Tidak hanya itu, timbulnya ketidakpastian usaha karena lemahnya akses informasi bagi para petani . Selain petani, dampak juga dirasakan oleh IHT seperti di Pamekasan terjadi tren penurunan yang signifikan terhadap IHT, dimana saat ini hanya ada 45 perusahaan dan sebelumnya pada tahun 2012 terdapat 272 perusahaan.
Kondisi IHT di Rembang yang merupakan salah satu daerah produksi tembakau terbanyak di Jawa Tengah, dengan maraknya kampanye anti rokok, berbagai kebijakan dalam sektor IHT mulai dimatisurikan secara perlahan. Contohnya, minimnya alokasi dana terhadap peningkatan kualitas produksi dalam IHT.
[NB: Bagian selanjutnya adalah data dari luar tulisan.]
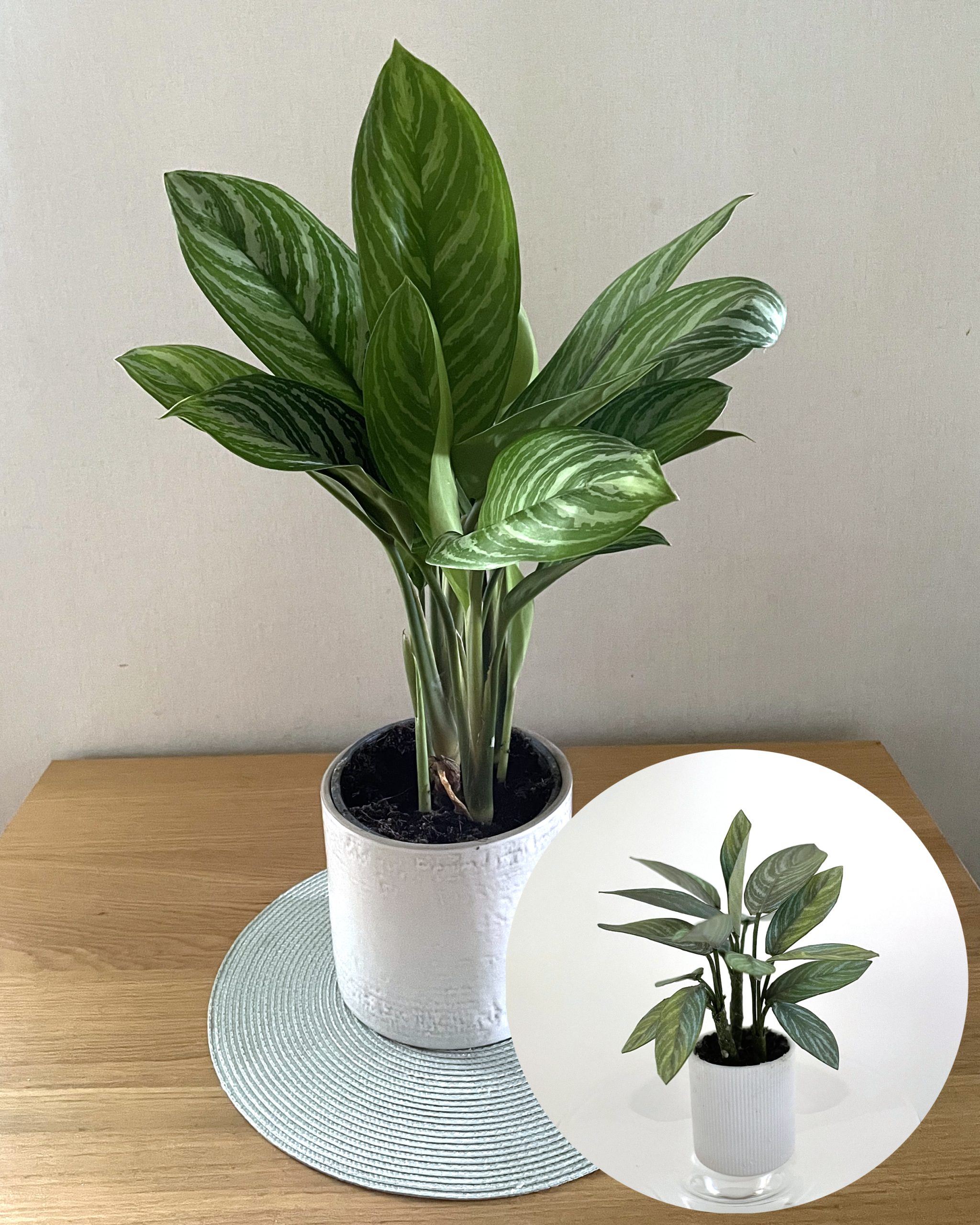 Miniature paper plant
Sementara di Lombok, NTB instrumen hukum PP Nomor 109 Tahun 2012 malah mendorong upaya masif untuk membatasi tingkat produksi lokal hingga kampanye anti rokok. Di lain sisi, peran pemerintah (daerah dan pusat) terhadap IHT di Lombok semakin minim.
Hal ini terlihat dari abainya intervensi pemerintah pada peningkatan IHT melalui pola kemitraan antara petani dan pelaku industri.
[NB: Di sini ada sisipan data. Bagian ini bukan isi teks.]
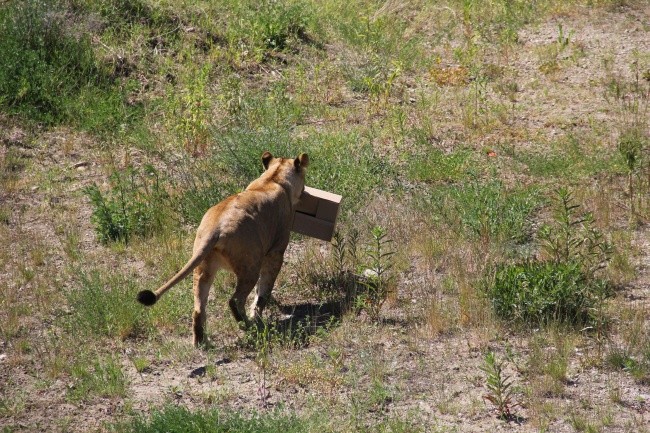 Lwice z gdańskiego ZOO są w ciąży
Dalam paparannya, Hifdzil juga memaparkan, kebijakan yang menguatkan dan menyejahterakan petani tembakau saat ini yakni kemitraan yang setara, adil, dan saling menguntungkan antara petani tembakau dengan industri hasil tembakau.
Dalam regulasi itu juga seharusnya diatur agar Pemerintah menjamin petani untuk memperoleh asuransi pertanian. Asuransi pertanian ini sangat penting agar petani dapat bekerja dengan tenang, nyaman, dan optimis.
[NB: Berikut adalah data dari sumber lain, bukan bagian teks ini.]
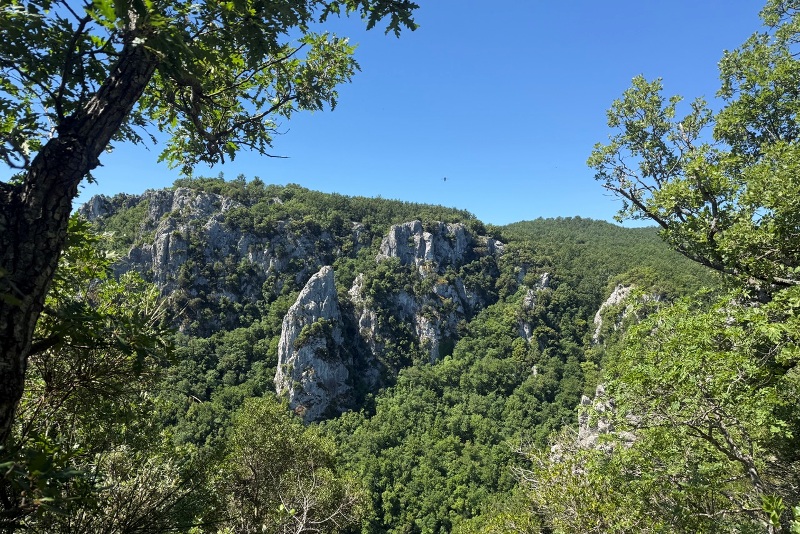 Oasi-Bosco-Rocconi_Toscana-ambiente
“Dari kalangan industri, yang perlu dilibatkan secara aktif dan menjadi komponen penting tidak hanya industri hasil tembakau (IHT) yang berskala raksasa, tetapi justru yang paling penting adalah IHT berskala UMKM,” ujar Hifdzil.
Ditegaskan, Dinas di daerah tidak memahami dan tidak mendapatkan sosialisasi tentang PP 109/2012. Hal ini menjadi krusial terlebih saat ini dorongan revisi marak menjadi polemik ditengah situasi ekonomi yang memprihatinkan.
Dorongan revisi hanya hasil politisasi tanpa mempertimbangkan capaian, dampak dan implementasi. Selain itu usulan tersebut tidak dipertimbangkan secara komprehensif karena evaluasi menyeluruh dampak kebijakan IHT yang ada saat ini terhadap mata rantai IHT belum ada, hanya sisi kesehatan yang menjadi satu-satunya pertimbangan.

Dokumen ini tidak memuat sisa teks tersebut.